What you should do: Would you print exactly the lines that begin the listing and continue through the line holding "Hello, so today"? No pictures, please.

Record set:
▼

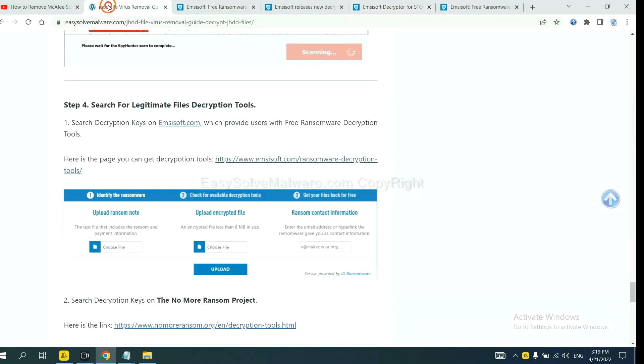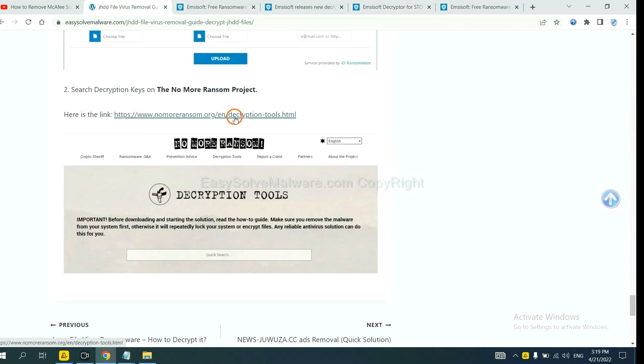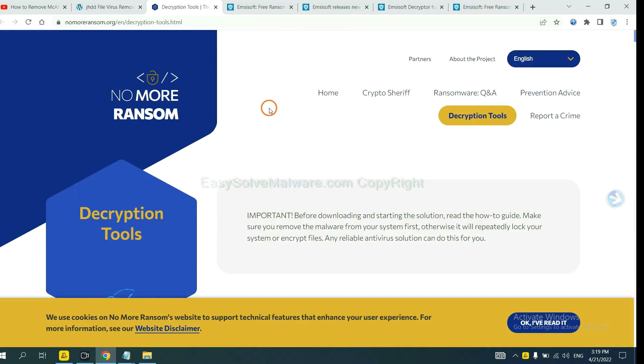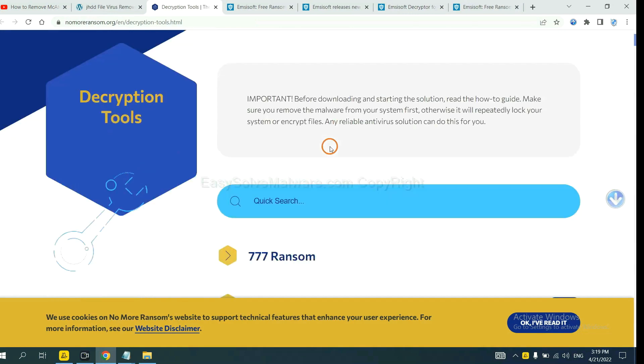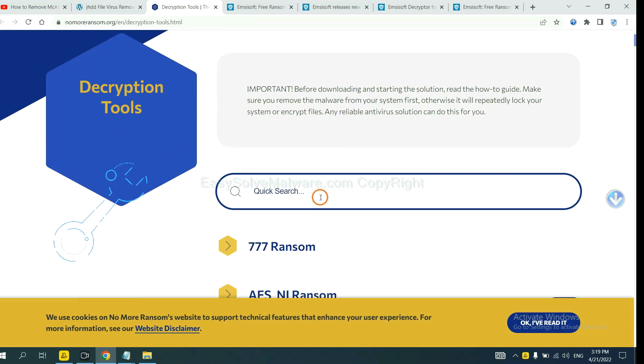And then see if it can decrypt files. Now let's try the Normal Ransom. This is simple. Input the name of the ransomware, for example DJVU.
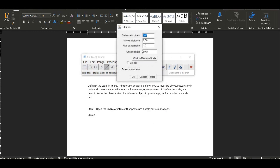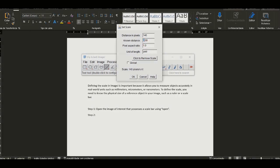And that's it. You now know how to define the scale in ImageJ. I hope you found this tutorial helpful.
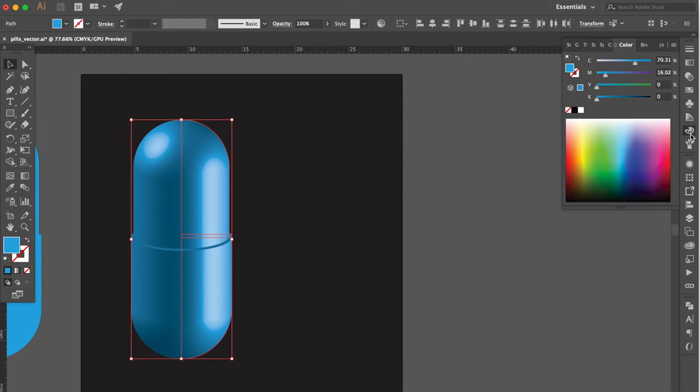Go to Color Panel. Adjust the cyan number. Perfect.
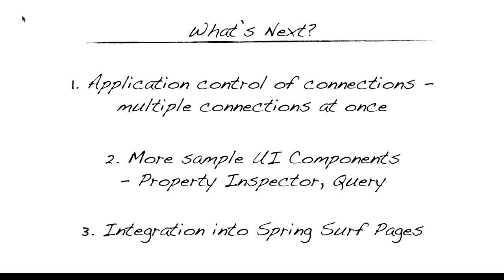SpringSurf and OpenCMIS are open source projects that are both Apache licensed. The Alfresco CMIS repository is available at cmis.alfresco.com and is LGPL. If you've got any feedback or wish to contribute then you can contact me via the details listed here. Thank you for watching.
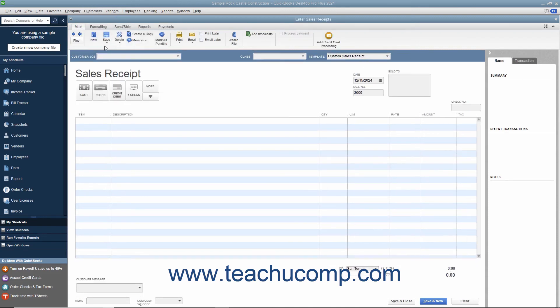You can see that these forms are very similar in their layout and usage. In this chapter, you will examine how to perform data entry within the sales forms in QuickBooks.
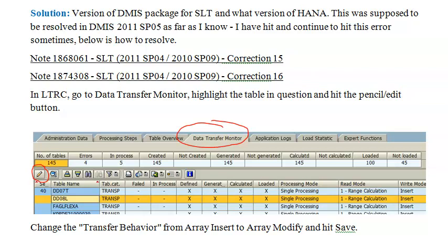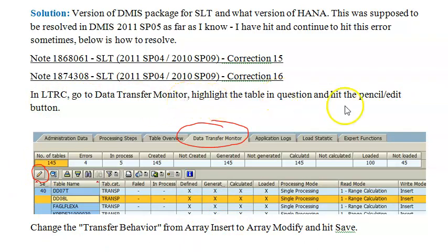I have hit and continue to hit this error sometimes. Below is how to resolve it. We need to install note 1868061 for SLT 2011 SP04 and 2010 SP09, correction 16. Then in LTRC, we need to go to the data transfer monitor, highlight the table in question and hit the pencil edit button. So we need to go to LTRC, go to the data transfer monitor, highlight the table in question and hit the edit button.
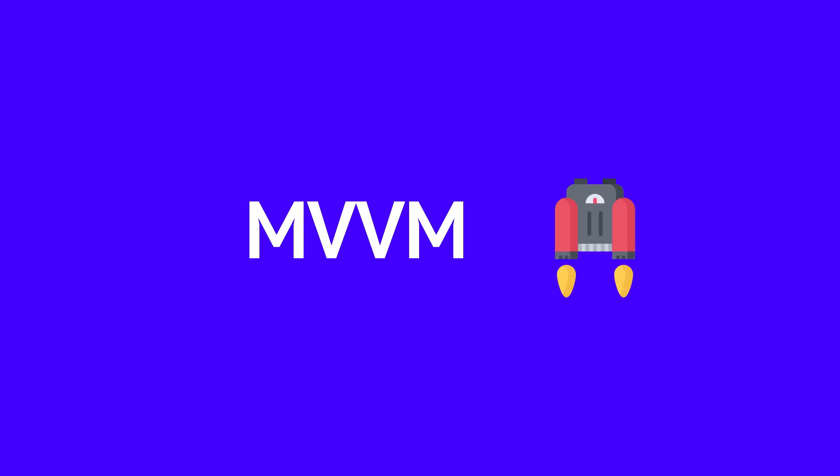All right everybody, what is up? It's the Odd Programmer here, and today we are going to discuss the MVVM architecture using Android Jetpack components. Before we get to the main topic, we are going to discuss the basic idea behind MVVM.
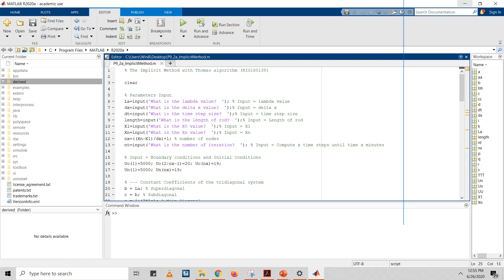Hello, so today I'm going to show the implicit method and how to solve it using MATLAB programming.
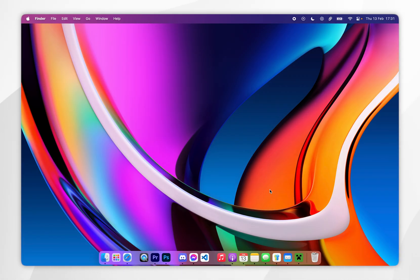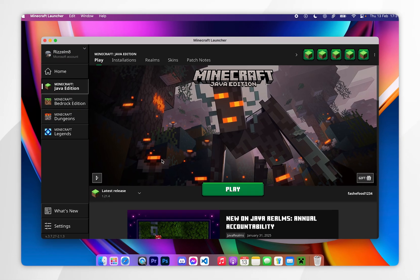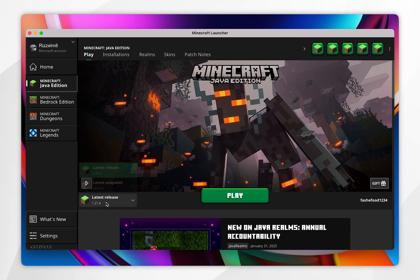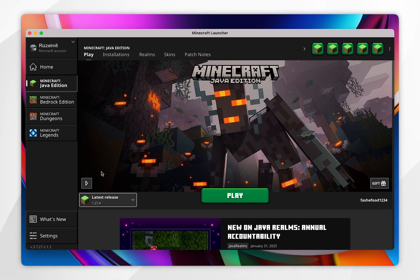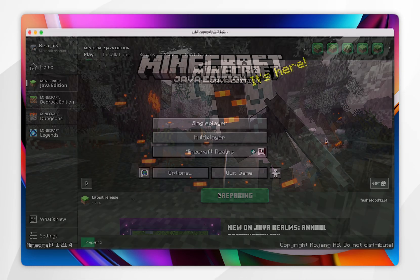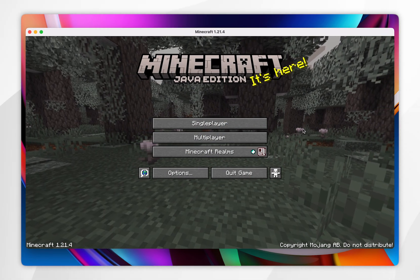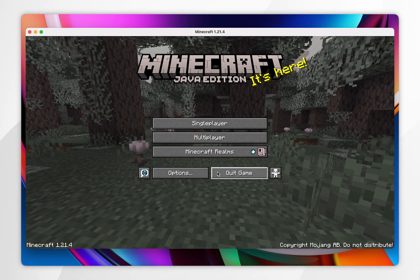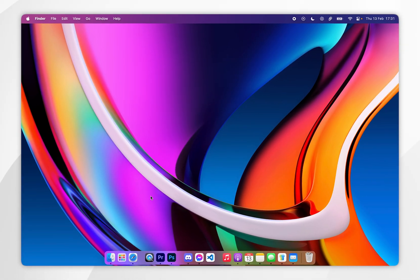The first thing we need to do is download the Minecraft 1.21.4 files so we can install Forge later. To do this, open your Minecraft launcher and in the versions drop-down menu select 1.21.4. Once you've done this, click on Play. When Minecraft opens it means the files have been downloaded correctly, so click on Quit Game.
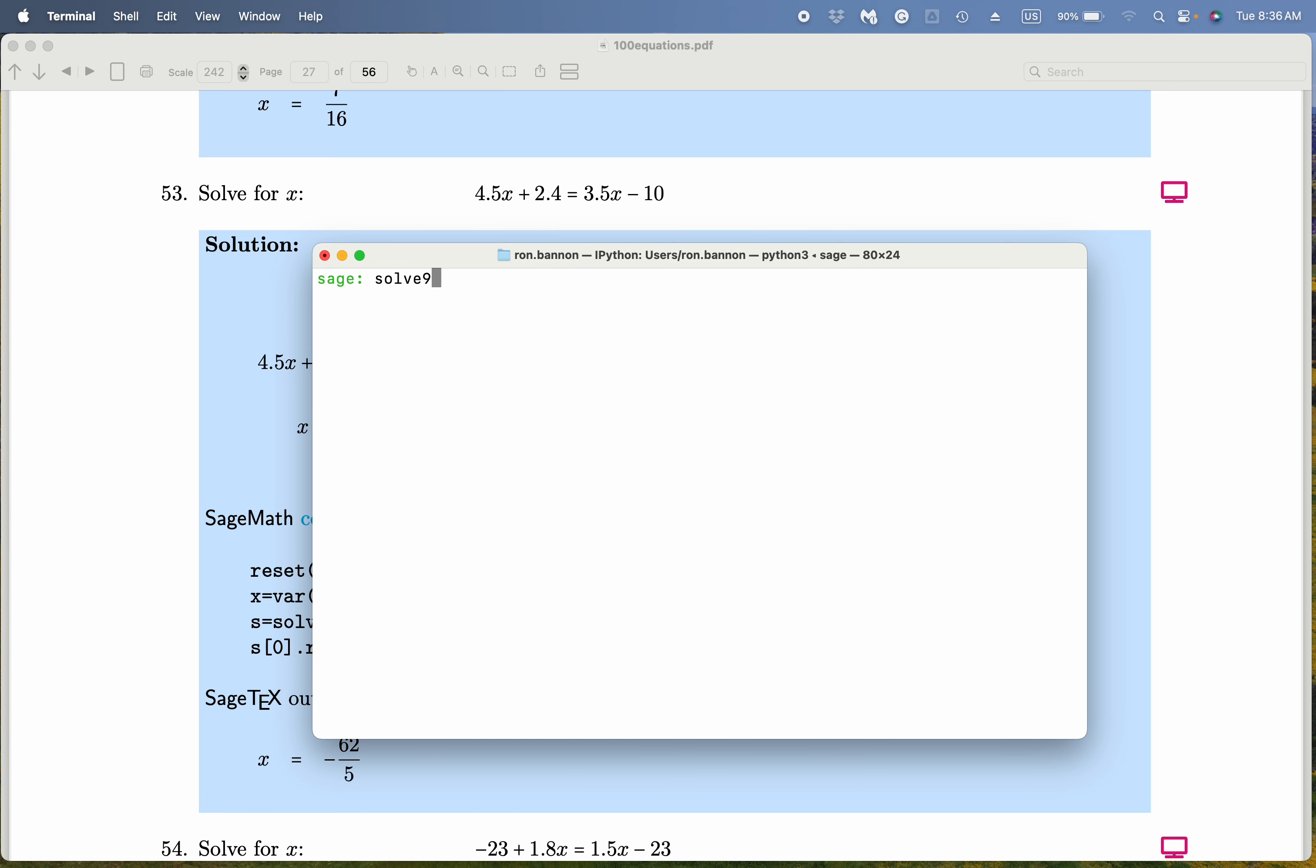And what are you solving? An equation. That equation is what? 4.5 star x plus 2.4. Double equal sign indicates an equation. 3.5 star x minus 10. And we're solving for x.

▲

Exercise output:
And then see if it can decrypt files. Now let's try the Normal Ransom. This is simple. Input the name of the ransomware, for example DJVU.
And that's it. You now know how to define the scale in ImageJ. I hope you found this tutorial helpful.
Go to Color Panel. Adjust the cyan number. Perfect.
SpringSurf and OpenCMIS are open source projects that are both Apache licensed. The Alfresco CMIS repository is available at cmis.alfresco.com and is LGPL. If you've got any feedback or wish to contribute then you can contact me via the details listed here. Thank you for watching.
You can see that these forms are very similar in their layout and usage. In this chapter, you will examine how to perform data entry within the sales forms in QuickBooks.
I have hit and continue to hit this error sometimes. Below is how to resolve it. We need to install note 1868061 for SLT 2011 SP04 and 2010 SP09, correction 16. Then in LTRC, we need to go to the data transfer monitor, highlight the table in question and hit the pencil edit button. So we need to go to LTRC, go to the data transfer monitor, highlight the table in question and hit the edit button.
All right everybody, what is up? It's the Odd Programmer here, and today we are going to discuss the MVVM architecture using Android Jetpack components. Before we get to the main topic, we are going to discuss the basic idea behind MVVM.
Hello, so today I'm going to show the implicit method and how to solve it using MATLAB programming.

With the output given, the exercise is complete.